● **Problem to solve**: In the data below, restate exactly the lines from the one with "This demo was" to the final line, both included, but not the pictures.

Stored data:

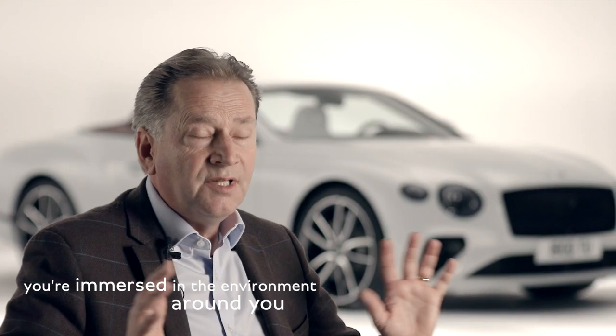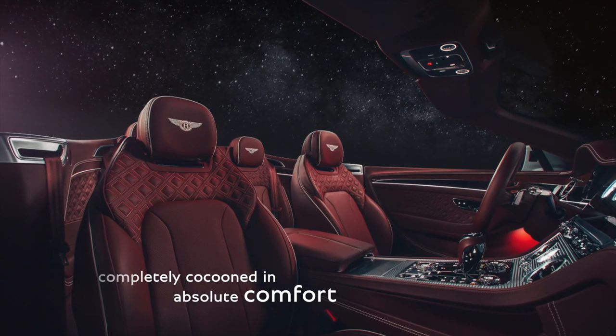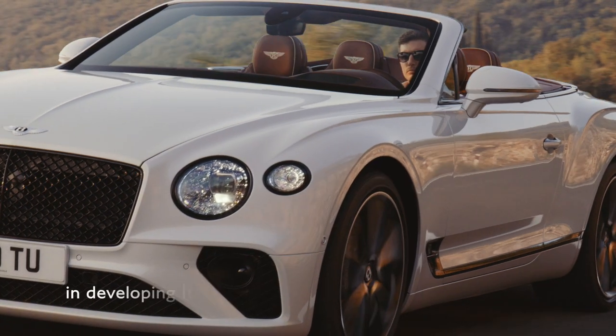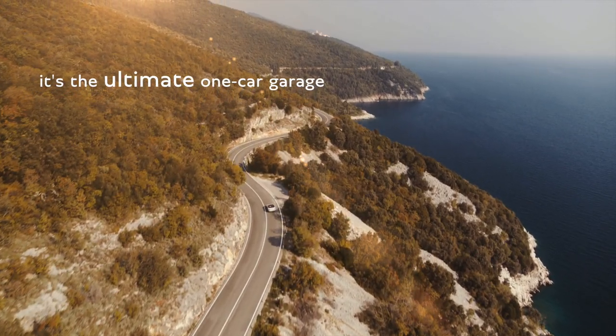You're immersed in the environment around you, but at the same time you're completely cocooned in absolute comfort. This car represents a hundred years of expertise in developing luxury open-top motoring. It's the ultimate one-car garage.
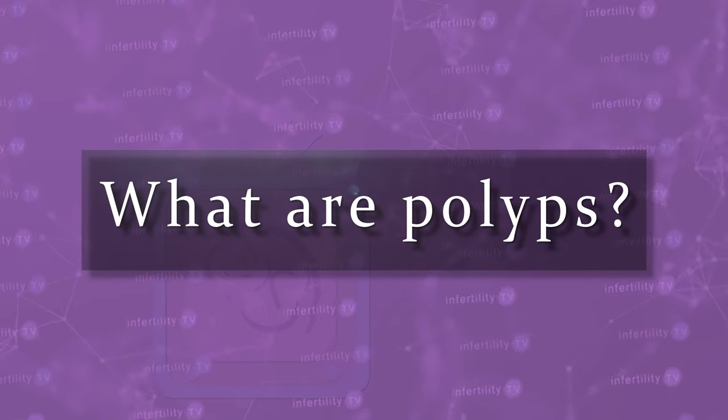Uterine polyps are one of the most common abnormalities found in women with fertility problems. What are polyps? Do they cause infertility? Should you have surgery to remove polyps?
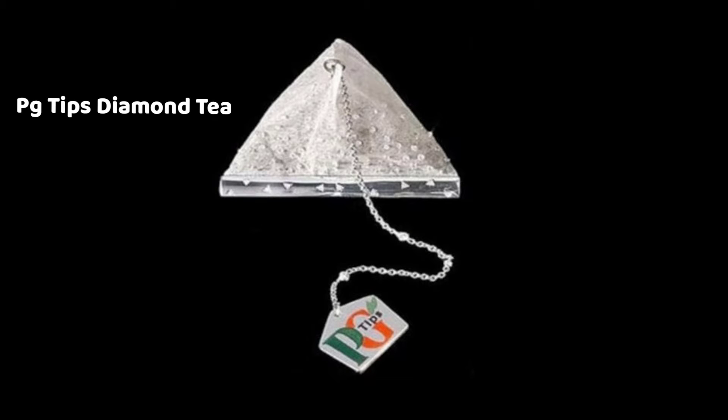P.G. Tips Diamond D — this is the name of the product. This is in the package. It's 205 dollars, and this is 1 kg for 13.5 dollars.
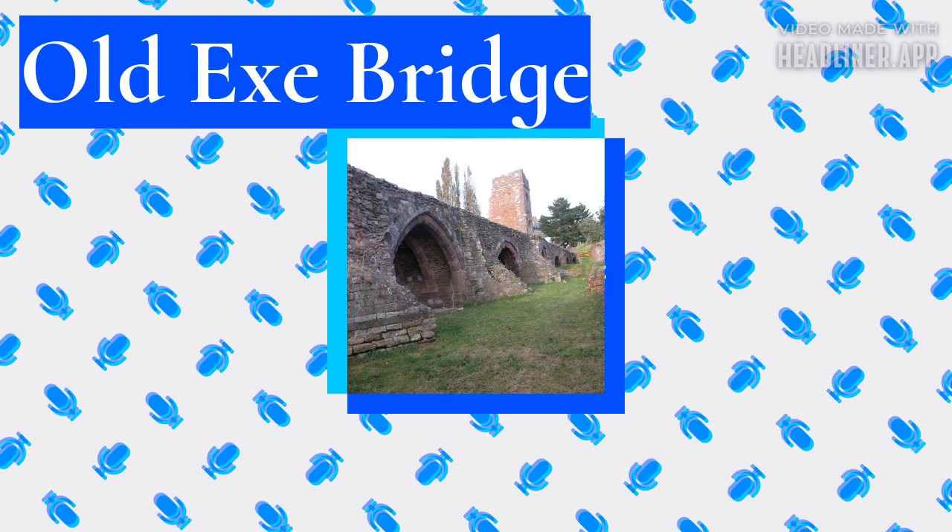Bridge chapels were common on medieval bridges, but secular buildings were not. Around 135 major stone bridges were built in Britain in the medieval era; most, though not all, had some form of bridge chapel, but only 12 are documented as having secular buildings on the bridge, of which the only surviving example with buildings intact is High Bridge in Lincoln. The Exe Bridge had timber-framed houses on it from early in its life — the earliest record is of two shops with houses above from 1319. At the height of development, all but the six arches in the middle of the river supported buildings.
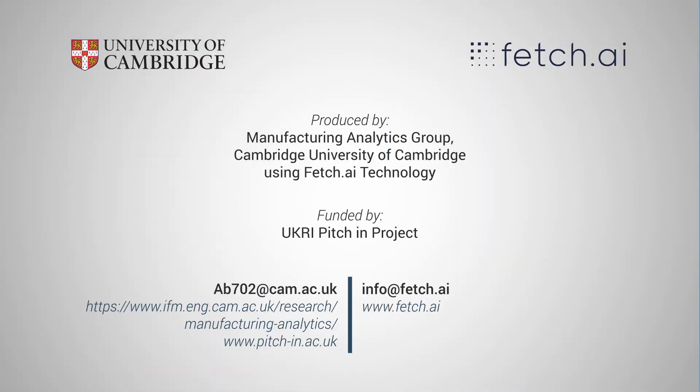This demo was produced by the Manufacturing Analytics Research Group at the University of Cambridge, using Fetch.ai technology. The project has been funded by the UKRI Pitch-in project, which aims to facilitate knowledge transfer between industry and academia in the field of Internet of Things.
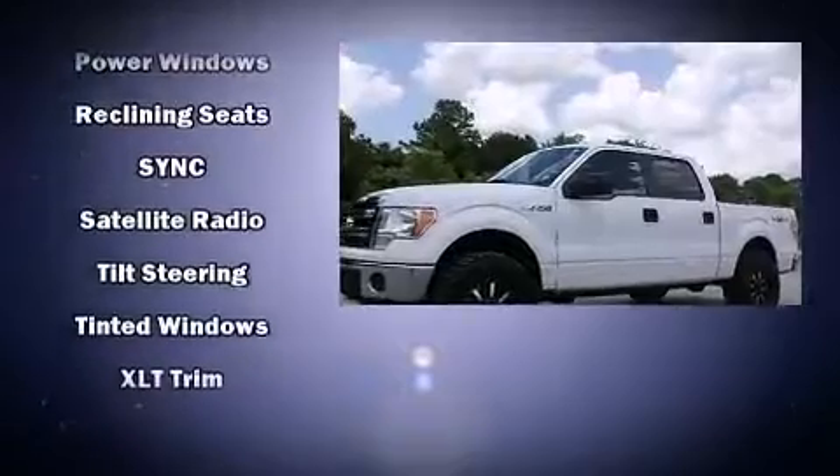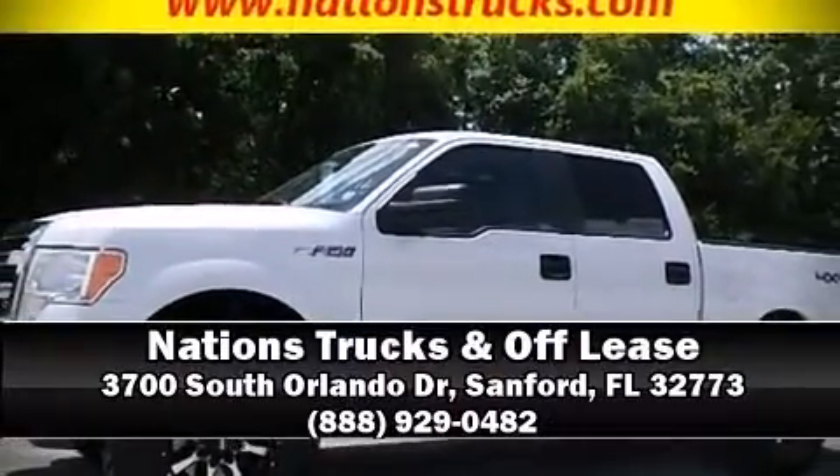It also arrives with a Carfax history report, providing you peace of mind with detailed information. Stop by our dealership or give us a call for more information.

● **Exercise answer**:
This demo was produced by the Manufacturing Analytics Research Group at the University of Cambridge, using Fetch.ai technology. The project has been funded by the UKRI Pitch-in project, which aims to facilitate knowledge transfer between industry and academia in the field of Internet of Things.
It also arrives with a Carfax history report, providing you peace of mind with detailed information. Stop by our dealership or give us a call for more information.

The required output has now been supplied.